● **YOUR GOAL**
Retype every entry below without pictures.

● **DATA SHOWN**
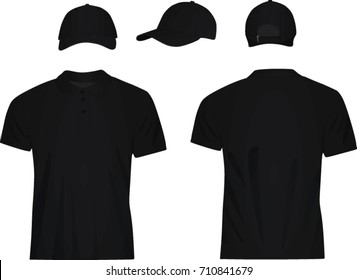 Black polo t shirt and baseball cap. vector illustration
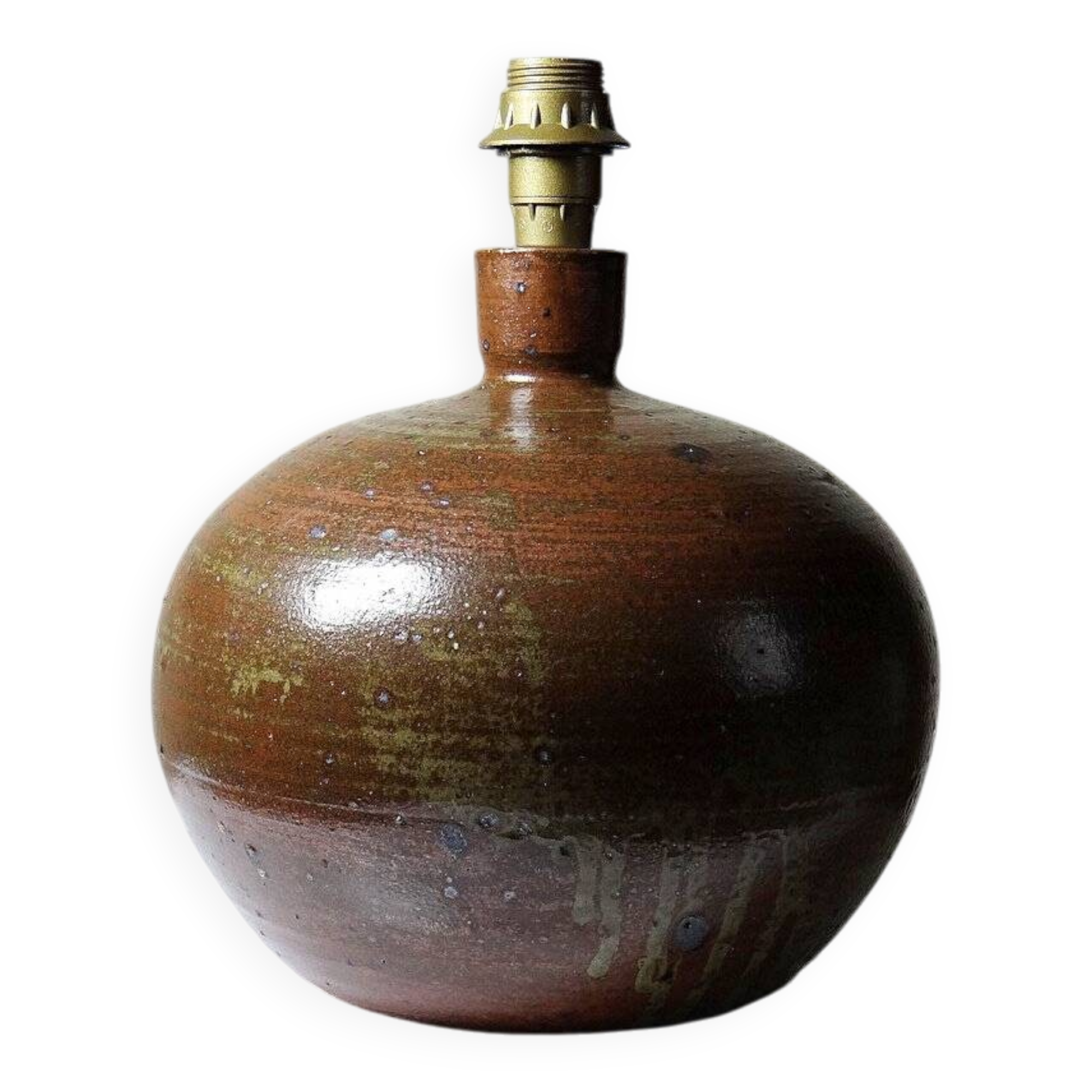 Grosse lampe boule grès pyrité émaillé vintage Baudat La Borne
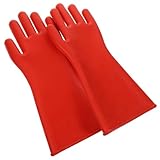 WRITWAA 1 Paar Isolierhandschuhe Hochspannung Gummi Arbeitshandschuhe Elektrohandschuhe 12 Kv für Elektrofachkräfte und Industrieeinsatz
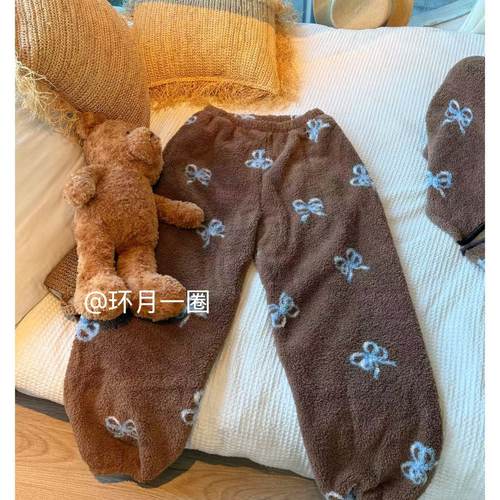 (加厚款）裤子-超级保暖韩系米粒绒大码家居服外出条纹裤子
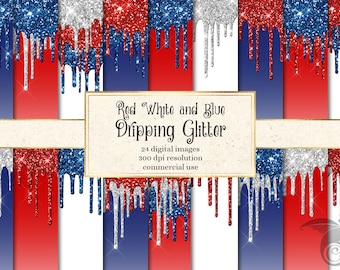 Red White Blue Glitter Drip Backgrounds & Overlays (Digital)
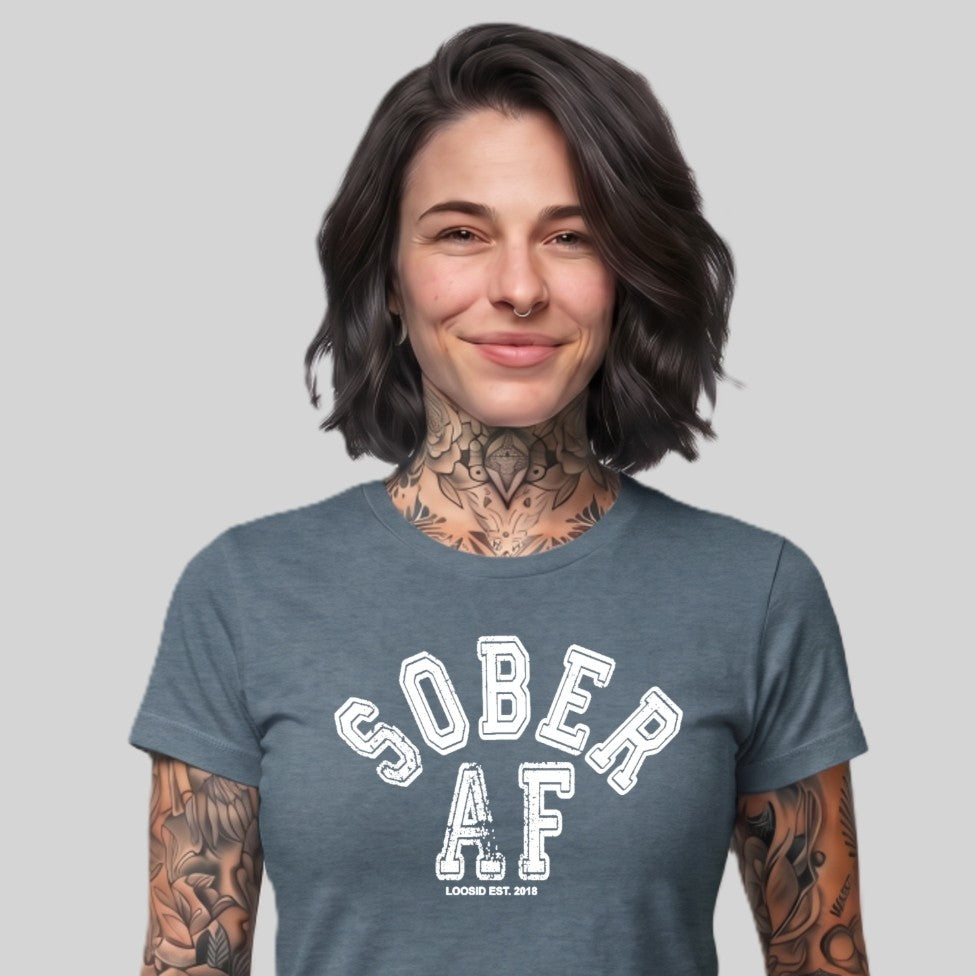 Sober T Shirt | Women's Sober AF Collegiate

● **RESPONSE**
 Black polo t shirt and baseball cap. vector illustration
 Grosse lampe boule grès pyrité émaillé vintage Baudat La Borne
 WRITWAA 1 Paar Isolierhandschuhe Hochspannung Gummi Arbeitshandschuhe Elektrohandschuhe 12 Kv für Elektrofachkräfte und Industrieeinsatz
 (加厚款）裤子-超级保暖韩系米粒绒大码家居服外出条纹裤子
 Red White Blue Glitter Drip Backgrounds & Overlays (Digital)
 Sober T Shirt | Women's Sober AF Collegiate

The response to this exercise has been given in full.